Personal information
- Born: October 12, 1990 (age 35) Belle Chasse, Louisiana, U.S.
- Listed height: 6 ft 5 in (1.96 m)
- Listed weight: 300 lb (136 kg)

Career information
- High school: Belle Chasse
- College: Louisiana College
- NFL draft: 2013: undrafted

Career history
- Green Bay Packers (2014–2015)*; Indianapolis Colts (2016–2017); Arizona Cardinals (2018–2019); Washington Football Team (2020)*;
- * Offseason or practice squad member only

Career NFL statistics
- Games played: 23
- Games started: 18
- Stats at Pro Football Reference

= Jeremy Vujnovich =

American football player (born 1990)

Jeremy Michael Vujnovich (born October 12, 1990) is an American former professional football player who was an offensive guard in the National Football League (NFL). He played college football at Louisiana College. He was signed by the Green Bay Packers as an undrafted free agent in 2014 and was also a member of the Indianapolis Colts, Arizona Cardinals, and Washington Redskins.

==Professional career==

Pre-draft measurables
| Height | Weight | 40-yard dash | 10-yard split | 20-yard split | 20-yard shuttle | Three-cone drill | Vertical jump | Broad jump | Bench press |
| 6 ft 5 in (1.96 m) | 290 lb (132 kg) | 4.87 s | 1.72 s | 2.81 s | 4.64 s | 7.57 s | 27.5 in (0.70 m) | 8 ft 11 in (2.72 m) | 35 reps |
All values are from Pro Day

===Green Bay Packers===
After going undrafted in the 2013 NFL draft, Vujnovich signed with the Green Bay Packers on January 7, 2014. On August 30, 2014, he was released by the Packers during final team cuts. Vujnovich was signed to the Packers' practice squad the following day. On January 20, 2015, he was re-signed by the Packers after finishing the season on the practice squad.

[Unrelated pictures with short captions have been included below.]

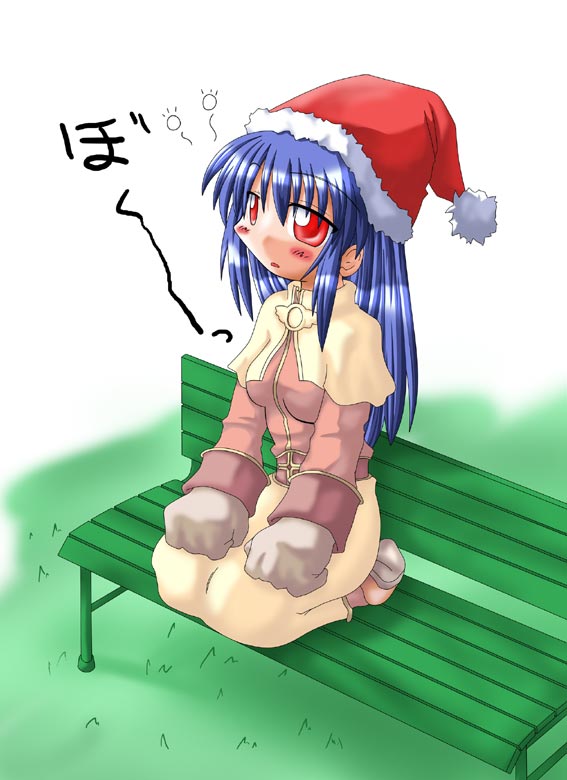 1girl, 2000s_(style), acolyte_(ragnarok_online), bad_id, bench, blue_hair, blush, brown_shirt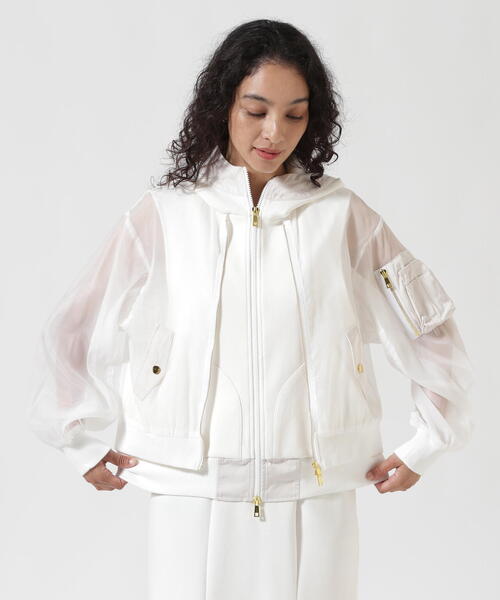 Risley（リズレー）の「Risley/リズレー/肩掛けMA-1フーディー（ブルゾン・レディース・ブラック/ホワイト・F）」の10枚目の写真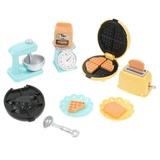 Mini Waffle Maker Whisk Dollhouse Waffle Maker Miniature Tiny House Accessories Dollhouse Accessories Mini Kitchen Food Play Plastic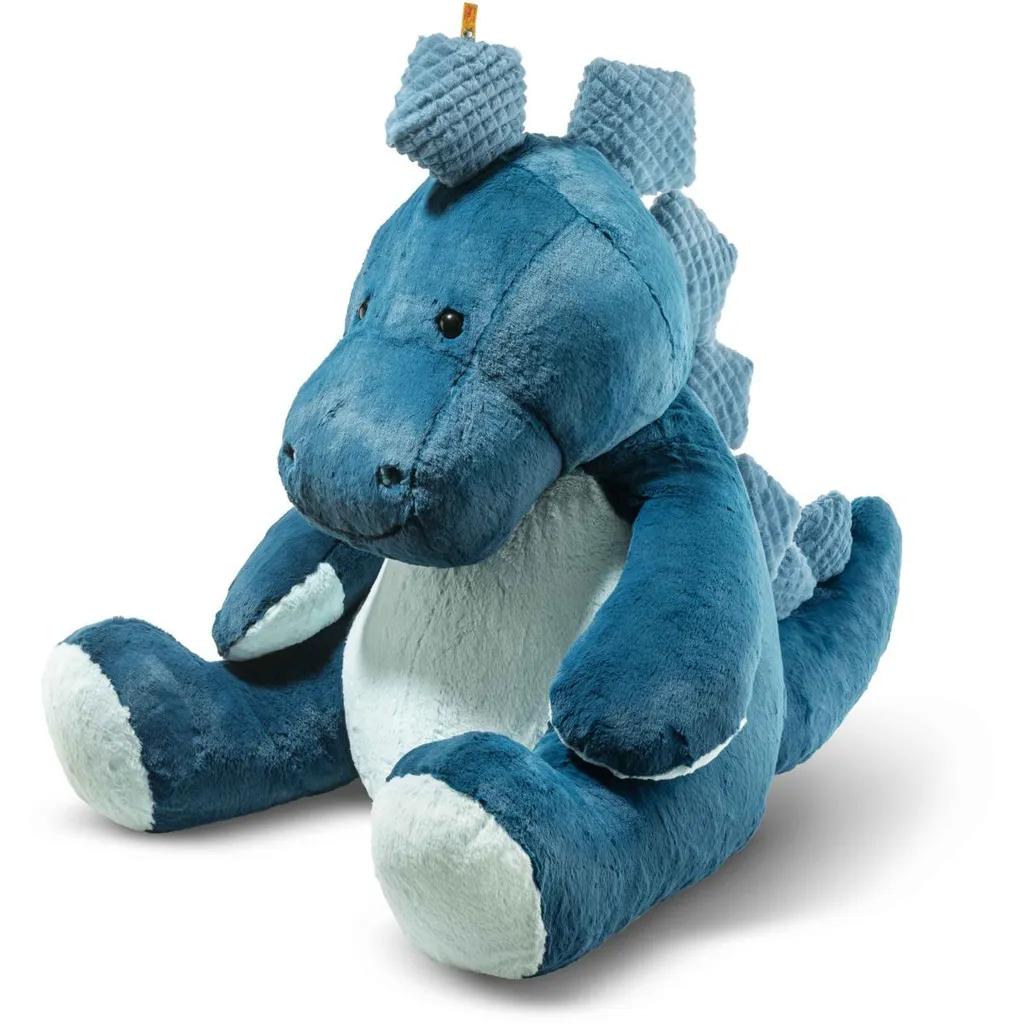 Doudou Stégosaure Steiff 80 cm Bleu - Peluche Dinosaure Douce et Résistante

On September 5, 2015, Vujnovich was released by the Packers during final team cuts for the second straight season. He was signed to the Packers' practice squad on September 7, 2015. On January 18, 2016, Vujnovich was re-signed by the Packers after finishing the season on the practice squad. He was released by the Packers on May 9, 2016.

===Indianapolis Colts===
Vujnovich was signed by the Indianapolis Colts on May 12, 2016. On September 3, 2016, he was waived by the Colts during final team cuts. Vujnovich was signed to the Colts' practice squad the next day. On October 1, 2016, he was promoted from the practice squad to the active roster. Vujnovich was waived by the Colts on October 13, 2016, and was signed to the practice squad the following day. He was promoted to the active roster on December 15, 2016.

Head coach Chuck Pagano named Vujnovich the starting left guard to begin the regular season and he started all 16 games in 2017. On September 1, 2018, Vujnovich was waived by the Colts.

===Arizona Cardinals===
On September 2, 2018, Vujnovich was claimed off waivers by the Arizona Cardinals. He played in five games, starting two, before being placed on injured reserve on September 29, 2018, after dealing with a hamstring injury throughout the season. On September 7, 2019, Vujnovich was released by the Cardinals, but was re-signed two days later. He was released again on September 21, 2019.

===Washington Redskins===
Vujnovich signed with the Washington Redskins on March 26, 2020, but was released on July 26, 2020.